EXTRACTED RECORDS —
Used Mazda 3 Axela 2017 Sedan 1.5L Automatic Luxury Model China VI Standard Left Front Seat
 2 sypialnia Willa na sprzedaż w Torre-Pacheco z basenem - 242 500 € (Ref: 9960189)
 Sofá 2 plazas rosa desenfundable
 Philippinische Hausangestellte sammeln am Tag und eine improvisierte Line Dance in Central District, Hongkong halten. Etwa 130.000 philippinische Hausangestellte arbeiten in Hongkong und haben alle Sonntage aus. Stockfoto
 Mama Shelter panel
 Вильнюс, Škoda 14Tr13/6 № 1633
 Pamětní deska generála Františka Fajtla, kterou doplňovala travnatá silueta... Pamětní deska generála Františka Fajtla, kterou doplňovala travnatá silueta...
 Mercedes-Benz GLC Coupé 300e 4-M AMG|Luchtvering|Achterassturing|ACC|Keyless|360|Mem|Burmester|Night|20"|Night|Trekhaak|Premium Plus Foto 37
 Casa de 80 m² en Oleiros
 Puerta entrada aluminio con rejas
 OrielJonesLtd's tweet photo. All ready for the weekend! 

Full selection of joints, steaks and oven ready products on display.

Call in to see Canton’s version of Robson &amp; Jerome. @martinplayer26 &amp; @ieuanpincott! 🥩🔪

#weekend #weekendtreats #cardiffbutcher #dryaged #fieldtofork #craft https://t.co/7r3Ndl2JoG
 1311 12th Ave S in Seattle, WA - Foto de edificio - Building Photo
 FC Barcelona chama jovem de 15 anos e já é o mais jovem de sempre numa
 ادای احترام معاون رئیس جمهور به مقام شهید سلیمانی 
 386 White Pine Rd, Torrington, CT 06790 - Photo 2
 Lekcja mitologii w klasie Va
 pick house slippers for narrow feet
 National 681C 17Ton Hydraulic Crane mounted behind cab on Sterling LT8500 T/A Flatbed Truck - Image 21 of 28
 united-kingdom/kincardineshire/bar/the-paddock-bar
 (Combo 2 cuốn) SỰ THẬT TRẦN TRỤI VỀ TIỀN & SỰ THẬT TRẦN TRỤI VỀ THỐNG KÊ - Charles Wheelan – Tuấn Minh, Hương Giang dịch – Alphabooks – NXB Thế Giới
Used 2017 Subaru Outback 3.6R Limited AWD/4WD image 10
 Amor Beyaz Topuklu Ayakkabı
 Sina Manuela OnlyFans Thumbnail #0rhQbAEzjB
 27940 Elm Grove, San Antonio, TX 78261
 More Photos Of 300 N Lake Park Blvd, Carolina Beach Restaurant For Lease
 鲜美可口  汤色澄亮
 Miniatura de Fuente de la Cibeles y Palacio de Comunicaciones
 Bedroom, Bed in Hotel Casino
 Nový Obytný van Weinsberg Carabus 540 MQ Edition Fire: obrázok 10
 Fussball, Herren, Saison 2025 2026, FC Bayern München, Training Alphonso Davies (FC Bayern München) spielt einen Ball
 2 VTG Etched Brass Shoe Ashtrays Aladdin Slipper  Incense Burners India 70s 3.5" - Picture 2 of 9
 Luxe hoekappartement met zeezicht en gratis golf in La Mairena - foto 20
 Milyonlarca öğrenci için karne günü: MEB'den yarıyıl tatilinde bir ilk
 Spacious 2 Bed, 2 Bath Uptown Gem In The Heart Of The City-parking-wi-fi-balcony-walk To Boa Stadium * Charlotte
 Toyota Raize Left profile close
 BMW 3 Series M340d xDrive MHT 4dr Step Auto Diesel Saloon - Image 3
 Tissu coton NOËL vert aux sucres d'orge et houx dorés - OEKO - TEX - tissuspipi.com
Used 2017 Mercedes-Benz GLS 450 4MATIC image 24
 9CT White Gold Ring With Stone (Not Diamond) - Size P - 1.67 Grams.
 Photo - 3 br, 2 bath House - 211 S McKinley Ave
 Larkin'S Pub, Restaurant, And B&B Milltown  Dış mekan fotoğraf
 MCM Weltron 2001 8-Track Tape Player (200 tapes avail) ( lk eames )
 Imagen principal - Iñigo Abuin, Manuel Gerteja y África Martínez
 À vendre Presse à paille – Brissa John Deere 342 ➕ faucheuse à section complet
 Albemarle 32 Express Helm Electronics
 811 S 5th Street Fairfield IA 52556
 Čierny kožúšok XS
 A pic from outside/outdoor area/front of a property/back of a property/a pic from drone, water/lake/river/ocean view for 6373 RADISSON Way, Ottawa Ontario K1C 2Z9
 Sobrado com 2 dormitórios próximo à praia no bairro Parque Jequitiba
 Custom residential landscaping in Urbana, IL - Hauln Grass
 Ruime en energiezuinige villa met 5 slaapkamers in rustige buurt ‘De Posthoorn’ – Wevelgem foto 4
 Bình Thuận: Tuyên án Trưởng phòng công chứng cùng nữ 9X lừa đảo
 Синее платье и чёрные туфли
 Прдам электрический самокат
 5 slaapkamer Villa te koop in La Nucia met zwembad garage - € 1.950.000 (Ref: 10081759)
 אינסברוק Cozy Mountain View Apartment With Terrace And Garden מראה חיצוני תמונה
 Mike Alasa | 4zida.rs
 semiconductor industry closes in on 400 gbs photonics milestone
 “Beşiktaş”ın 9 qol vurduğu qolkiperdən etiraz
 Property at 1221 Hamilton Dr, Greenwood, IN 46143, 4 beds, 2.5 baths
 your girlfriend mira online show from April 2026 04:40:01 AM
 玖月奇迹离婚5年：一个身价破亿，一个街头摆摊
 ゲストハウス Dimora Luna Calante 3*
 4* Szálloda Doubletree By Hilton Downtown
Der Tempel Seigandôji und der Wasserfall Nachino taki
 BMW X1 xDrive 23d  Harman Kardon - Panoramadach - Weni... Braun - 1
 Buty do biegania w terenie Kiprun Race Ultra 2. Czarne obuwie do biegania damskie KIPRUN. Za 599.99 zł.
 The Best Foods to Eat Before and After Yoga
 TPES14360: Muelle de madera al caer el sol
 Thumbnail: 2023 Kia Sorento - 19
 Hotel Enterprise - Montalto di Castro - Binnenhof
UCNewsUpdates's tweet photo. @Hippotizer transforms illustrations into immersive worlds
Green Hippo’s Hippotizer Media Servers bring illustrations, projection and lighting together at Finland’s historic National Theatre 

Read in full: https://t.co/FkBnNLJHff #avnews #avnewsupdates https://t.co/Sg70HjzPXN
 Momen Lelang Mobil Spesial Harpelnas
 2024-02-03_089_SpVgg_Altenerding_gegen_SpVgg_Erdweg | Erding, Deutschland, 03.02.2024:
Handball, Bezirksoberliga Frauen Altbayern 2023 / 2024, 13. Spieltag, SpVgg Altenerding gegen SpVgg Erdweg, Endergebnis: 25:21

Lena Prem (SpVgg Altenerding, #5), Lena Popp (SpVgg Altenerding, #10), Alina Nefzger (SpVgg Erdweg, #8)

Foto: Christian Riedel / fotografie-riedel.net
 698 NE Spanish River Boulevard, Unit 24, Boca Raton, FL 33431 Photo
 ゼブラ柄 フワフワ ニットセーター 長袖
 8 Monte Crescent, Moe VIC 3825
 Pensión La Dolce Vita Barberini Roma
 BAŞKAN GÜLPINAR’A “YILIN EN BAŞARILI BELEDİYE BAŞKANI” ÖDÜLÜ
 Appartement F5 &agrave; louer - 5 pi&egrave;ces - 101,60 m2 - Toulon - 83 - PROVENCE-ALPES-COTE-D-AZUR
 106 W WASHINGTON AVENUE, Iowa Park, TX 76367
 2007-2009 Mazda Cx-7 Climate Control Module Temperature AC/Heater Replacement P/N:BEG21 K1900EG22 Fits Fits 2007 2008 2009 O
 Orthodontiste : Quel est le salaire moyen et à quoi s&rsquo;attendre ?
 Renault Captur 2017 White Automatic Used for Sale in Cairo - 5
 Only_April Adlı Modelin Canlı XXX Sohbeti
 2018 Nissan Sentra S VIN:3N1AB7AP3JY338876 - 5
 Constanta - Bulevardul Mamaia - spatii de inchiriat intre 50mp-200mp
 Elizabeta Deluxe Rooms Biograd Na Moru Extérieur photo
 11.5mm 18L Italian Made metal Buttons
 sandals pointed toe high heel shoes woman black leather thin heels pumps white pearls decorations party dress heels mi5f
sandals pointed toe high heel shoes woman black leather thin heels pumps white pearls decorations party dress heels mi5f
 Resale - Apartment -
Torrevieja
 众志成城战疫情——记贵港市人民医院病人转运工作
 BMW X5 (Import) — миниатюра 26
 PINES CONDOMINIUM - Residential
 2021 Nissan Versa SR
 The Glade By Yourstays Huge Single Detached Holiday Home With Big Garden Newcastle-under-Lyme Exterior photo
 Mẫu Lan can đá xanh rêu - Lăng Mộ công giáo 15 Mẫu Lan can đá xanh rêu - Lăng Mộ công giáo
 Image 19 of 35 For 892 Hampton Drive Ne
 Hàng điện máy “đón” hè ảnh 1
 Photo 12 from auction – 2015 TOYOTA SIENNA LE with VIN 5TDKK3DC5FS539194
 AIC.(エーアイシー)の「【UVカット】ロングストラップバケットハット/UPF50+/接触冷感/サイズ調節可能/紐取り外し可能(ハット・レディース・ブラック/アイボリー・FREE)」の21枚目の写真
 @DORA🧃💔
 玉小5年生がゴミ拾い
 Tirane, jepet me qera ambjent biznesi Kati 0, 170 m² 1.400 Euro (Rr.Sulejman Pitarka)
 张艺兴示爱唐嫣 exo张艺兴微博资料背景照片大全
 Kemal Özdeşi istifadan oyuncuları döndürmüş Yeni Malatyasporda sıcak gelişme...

TRY IT —
Starting at the line above that contains "A pic from outside/outdoor", repeat each line exactly up to and including the line that contains "Прдам электрический самокат", and stop there.

YOUR SOLUTION —
 A pic from outside/outdoor area/front of a property/back of a property/a pic from drone, water/lake/river/ocean view for 6373 RADISSON Way, Ottawa Ontario K1C 2Z9
 Sobrado com 2 dormitórios próximo à praia no bairro Parque Jequitiba
 Custom residential landscaping in Urbana, IL - Hauln Grass
 Ruime en energiezuinige villa met 5 slaapkamers in rustige buurt ‘De Posthoorn’ – Wevelgem foto 4
 Bình Thuận: Tuyên án Trưởng phòng công chứng cùng nữ 9X lừa đảo
 Синее платье и чёрные туфли
 Прдам электрический самокат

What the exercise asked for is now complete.